#### Exercise goal
Find the line with "MAG BRE Exhaust Kits Magnaflow 108-0175" in the entries below. Repeat it, every following line, and the line with "Morbid Rabbit Unisex Tank", exactly and with nothing added.

Segment Open

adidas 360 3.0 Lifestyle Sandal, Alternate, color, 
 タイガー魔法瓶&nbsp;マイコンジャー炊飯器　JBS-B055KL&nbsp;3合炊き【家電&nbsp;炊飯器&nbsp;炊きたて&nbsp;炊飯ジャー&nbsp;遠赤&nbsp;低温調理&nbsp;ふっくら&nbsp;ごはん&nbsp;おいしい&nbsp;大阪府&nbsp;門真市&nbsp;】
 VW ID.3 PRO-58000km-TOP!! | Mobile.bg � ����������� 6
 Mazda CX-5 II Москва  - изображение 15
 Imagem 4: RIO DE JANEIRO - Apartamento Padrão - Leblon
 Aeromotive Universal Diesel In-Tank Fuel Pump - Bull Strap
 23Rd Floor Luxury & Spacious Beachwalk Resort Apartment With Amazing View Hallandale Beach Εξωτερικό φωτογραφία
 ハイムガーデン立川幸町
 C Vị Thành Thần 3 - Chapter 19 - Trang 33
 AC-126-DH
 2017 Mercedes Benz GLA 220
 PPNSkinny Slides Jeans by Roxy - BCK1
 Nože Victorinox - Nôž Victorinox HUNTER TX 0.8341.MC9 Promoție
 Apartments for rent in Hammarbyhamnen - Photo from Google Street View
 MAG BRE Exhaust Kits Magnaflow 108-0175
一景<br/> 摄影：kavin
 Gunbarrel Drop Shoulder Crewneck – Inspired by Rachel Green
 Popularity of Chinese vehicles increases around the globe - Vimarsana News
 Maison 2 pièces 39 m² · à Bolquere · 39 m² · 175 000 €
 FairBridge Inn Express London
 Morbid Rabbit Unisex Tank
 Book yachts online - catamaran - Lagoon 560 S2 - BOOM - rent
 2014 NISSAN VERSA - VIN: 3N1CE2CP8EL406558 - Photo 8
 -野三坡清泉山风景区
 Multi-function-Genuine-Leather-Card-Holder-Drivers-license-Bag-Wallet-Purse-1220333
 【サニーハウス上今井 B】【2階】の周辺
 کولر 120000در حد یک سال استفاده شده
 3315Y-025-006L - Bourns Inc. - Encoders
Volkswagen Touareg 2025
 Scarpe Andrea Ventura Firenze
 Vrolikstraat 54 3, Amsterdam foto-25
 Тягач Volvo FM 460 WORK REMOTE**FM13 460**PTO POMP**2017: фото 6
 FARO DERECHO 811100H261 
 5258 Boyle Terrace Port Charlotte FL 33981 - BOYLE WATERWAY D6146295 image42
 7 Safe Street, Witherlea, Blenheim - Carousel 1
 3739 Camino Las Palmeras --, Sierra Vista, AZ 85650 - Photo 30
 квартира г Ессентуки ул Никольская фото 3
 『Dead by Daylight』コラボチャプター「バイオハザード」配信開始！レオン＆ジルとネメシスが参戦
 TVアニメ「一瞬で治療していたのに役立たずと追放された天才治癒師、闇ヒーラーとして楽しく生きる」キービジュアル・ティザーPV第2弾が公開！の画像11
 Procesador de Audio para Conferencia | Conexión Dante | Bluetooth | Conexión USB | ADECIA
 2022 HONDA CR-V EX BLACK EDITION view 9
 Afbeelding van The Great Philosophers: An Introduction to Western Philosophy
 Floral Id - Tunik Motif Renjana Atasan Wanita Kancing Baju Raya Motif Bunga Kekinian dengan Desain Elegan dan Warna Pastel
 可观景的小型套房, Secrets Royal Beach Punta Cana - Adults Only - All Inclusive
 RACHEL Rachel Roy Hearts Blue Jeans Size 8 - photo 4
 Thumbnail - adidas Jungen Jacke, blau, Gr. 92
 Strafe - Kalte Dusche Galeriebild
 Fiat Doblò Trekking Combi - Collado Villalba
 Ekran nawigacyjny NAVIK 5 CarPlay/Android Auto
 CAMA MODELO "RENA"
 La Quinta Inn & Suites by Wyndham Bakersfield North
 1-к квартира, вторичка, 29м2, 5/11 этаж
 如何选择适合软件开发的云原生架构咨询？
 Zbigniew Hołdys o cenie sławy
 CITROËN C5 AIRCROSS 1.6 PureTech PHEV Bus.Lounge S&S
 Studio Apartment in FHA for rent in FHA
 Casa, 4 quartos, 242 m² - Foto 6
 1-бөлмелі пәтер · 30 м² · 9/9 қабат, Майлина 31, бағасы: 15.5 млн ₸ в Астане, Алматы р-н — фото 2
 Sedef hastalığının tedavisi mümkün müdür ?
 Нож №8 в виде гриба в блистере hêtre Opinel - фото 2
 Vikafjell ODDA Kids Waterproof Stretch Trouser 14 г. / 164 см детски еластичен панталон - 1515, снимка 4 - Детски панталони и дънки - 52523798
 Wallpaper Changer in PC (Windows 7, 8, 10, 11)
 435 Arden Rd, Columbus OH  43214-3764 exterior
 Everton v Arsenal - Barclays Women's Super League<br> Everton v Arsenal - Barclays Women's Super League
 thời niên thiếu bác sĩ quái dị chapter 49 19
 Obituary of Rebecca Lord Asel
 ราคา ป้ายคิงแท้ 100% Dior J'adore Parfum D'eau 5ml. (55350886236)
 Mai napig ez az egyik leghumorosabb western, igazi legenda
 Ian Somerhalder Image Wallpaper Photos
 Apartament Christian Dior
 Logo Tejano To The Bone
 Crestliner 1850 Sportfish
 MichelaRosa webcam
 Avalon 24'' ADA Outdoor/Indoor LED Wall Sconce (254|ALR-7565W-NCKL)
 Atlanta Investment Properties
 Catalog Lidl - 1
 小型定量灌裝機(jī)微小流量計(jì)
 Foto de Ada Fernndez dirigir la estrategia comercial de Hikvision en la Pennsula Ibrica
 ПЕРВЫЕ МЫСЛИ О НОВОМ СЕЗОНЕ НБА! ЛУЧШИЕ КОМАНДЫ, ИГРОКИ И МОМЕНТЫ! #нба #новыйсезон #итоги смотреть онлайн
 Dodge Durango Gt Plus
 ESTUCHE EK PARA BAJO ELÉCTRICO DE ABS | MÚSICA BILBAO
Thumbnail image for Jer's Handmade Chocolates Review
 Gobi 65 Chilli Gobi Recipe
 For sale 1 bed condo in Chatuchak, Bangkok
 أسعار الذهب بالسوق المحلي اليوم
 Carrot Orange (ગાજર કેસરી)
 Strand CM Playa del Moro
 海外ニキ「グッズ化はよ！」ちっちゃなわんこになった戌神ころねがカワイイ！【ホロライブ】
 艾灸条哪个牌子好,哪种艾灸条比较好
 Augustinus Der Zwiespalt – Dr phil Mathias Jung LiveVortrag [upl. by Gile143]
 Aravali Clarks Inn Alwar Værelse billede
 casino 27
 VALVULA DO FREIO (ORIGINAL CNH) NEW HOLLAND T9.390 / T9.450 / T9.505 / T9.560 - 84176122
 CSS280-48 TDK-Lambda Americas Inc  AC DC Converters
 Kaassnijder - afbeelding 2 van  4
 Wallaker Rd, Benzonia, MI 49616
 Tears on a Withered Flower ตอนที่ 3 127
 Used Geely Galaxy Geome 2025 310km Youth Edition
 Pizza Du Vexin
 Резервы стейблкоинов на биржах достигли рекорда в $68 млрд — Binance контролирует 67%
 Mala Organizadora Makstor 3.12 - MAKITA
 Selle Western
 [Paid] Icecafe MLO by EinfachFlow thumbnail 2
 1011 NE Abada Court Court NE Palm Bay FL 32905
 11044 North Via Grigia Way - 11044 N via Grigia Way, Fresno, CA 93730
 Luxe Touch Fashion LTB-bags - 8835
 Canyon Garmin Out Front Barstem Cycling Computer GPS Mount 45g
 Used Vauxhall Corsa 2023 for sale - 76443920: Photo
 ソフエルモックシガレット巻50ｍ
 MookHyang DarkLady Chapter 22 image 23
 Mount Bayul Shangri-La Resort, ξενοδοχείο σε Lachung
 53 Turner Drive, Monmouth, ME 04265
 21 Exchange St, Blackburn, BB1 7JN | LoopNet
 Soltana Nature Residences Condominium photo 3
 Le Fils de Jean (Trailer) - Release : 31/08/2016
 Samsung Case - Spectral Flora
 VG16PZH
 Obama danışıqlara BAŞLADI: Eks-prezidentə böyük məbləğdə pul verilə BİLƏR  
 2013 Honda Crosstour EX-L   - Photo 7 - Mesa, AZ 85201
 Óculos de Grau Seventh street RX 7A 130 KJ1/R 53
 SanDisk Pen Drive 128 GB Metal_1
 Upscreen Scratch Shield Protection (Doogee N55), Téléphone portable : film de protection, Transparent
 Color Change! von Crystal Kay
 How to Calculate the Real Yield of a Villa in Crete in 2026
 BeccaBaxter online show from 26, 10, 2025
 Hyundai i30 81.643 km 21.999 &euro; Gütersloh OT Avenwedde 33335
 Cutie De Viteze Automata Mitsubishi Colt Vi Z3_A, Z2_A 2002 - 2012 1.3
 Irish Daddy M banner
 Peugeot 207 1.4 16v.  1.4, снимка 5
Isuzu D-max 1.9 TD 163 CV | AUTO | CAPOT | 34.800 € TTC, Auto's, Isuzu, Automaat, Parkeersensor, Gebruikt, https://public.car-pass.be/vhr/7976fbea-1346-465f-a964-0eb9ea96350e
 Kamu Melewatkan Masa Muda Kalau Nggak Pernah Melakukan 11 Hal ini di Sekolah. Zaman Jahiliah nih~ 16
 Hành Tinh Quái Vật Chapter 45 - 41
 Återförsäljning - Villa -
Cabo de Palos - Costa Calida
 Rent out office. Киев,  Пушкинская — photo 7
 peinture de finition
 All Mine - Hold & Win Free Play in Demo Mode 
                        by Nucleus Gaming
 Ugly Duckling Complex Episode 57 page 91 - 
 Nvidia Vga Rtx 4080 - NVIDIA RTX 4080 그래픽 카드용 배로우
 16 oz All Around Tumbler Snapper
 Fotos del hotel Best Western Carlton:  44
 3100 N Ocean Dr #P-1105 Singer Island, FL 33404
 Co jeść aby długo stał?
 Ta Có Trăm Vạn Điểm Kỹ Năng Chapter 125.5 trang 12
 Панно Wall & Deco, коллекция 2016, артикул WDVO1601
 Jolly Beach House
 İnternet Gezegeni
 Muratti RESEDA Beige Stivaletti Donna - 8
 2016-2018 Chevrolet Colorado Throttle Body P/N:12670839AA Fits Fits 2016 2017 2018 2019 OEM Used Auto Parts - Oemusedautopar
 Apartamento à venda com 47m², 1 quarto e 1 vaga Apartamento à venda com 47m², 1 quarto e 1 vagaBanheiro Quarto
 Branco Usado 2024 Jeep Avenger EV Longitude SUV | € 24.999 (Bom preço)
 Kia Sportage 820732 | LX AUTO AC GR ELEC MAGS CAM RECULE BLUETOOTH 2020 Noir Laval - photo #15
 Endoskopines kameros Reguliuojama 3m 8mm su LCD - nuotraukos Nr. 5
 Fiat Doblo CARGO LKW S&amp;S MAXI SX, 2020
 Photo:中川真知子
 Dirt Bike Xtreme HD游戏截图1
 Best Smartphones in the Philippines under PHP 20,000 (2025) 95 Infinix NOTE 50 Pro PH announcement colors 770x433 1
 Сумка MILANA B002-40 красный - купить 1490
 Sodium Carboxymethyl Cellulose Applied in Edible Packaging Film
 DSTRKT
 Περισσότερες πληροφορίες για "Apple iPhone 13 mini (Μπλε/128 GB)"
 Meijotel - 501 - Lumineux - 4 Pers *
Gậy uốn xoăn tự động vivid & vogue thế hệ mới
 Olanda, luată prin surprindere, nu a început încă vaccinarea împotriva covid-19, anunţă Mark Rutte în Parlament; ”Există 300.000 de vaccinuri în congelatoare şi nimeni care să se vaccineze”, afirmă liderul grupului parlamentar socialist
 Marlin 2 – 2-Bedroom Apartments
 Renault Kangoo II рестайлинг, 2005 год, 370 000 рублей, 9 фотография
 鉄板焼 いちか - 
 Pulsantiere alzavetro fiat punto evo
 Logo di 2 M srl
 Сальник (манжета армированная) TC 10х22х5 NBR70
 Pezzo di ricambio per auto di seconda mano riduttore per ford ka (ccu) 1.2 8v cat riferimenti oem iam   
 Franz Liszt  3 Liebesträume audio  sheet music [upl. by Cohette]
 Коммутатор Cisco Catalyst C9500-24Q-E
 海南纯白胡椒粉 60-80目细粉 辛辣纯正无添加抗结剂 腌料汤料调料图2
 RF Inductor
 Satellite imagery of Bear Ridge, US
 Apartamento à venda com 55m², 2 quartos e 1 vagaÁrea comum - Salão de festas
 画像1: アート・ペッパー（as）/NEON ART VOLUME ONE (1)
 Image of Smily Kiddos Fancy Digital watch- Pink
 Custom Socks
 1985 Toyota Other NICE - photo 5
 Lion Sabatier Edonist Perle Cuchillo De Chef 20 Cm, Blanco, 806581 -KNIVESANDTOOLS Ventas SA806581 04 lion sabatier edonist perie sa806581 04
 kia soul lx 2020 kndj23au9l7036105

Segment Closed

#### Exercise answer
 MAG BRE Exhaust Kits Magnaflow 108-0175
一景<br/> 摄影：kavin
 Gunbarrel Drop Shoulder Crewneck – Inspired by Rachel Green
 Popularity of Chinese vehicles increases around the globe - Vimarsana News
 Maison 2 pièces 39 m² · à Bolquere · 39 m² · 175 000 €
 FairBridge Inn Express London
 Morbid Rabbit Unisex Tank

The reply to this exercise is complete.